De kunst die toegang geeft tot de wereld van de gestorvenen. Deze gedachte vroeg om uitwerking. De rest van de schetsen bij Rilke's sonnetten maken. En dan aquarellen. Maar ik zag wel een probleem. Die schetsjes daar kan ik wel wat mee. Maar die precieze constructies kan ik niet meer opnieuw maken, bovendien staan ze gefragmenteerd in het boekje.

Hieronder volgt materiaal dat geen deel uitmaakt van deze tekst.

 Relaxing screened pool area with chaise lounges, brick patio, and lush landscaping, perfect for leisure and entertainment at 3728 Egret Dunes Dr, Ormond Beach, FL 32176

November 2020, ik sta bij de drukker te wachten op de prints voor het boekje over de Sikkens pigmentenkast en zie in een enorme machine lijntje voor lijntje een grote foto geprint worden. Aha!!! 'Kunnen jullie ook printen op ruw aquarelpapier?'

De oplossing: scannen en printen

Een proef laten maken op een ruw vel Saunders Waterford aquarelpapier, 638 grs. Kijken of eroverheen te schilderen is.

Proefprint met aquarel

Wilde ik hiermee aan de slag, dan moest het wel de hele cyclus van vijfenvijftig sonnetten worden. Dus het resterende deel weer lezen en kijken of ik die tot beeld kon maken. Het was een moeizaam proces, dat maanden in beslag nam. Kwam de eerste helft als in een stroom vanzelf, nu moest ik er echt op kauwen. Niet lekker, wel goed passend bij deze bijzondere tijd waarin we meer op onszelf aangewezen zijn.

Uiteindelijk heb ik achtenvijftig prints laten maken, de sonnetten plus drie titelpagina's. De doos met de stapel prints, 15 cm hoog en 17,5 kg zwaar gearriveerd in het atelier en dan stuk voor stuk eruit halen, voorzichtig op elkaar leggen. Om ze op de juiste volgorde neer te leggen gaan ze allemaal nogmaals door mijn handen. Het was ontroerend om de kleine schetsen en tekeningen vergroot te zien.

Het gaat nog lastig worden om er overheen te schilderen, me niks aantrekken van dat het al mooi is. Eerst nu het opspannen, want zelfs dit zware papier blijft niet vlak als je met veel water erop werkt. Daar ben ik nu mee bezig. Dan misschien wel twee jaar rustig aan verder werken. Dan heeft dit gelaagde werk een onstaansgeschiedenis van meer dan vijfentwintig jaar. Zou mooi een eeuw zijn nadat Rilke deze sonnetten in februari 1922 in een periode van slechts drie weken 'aus eimem Guss' schreef.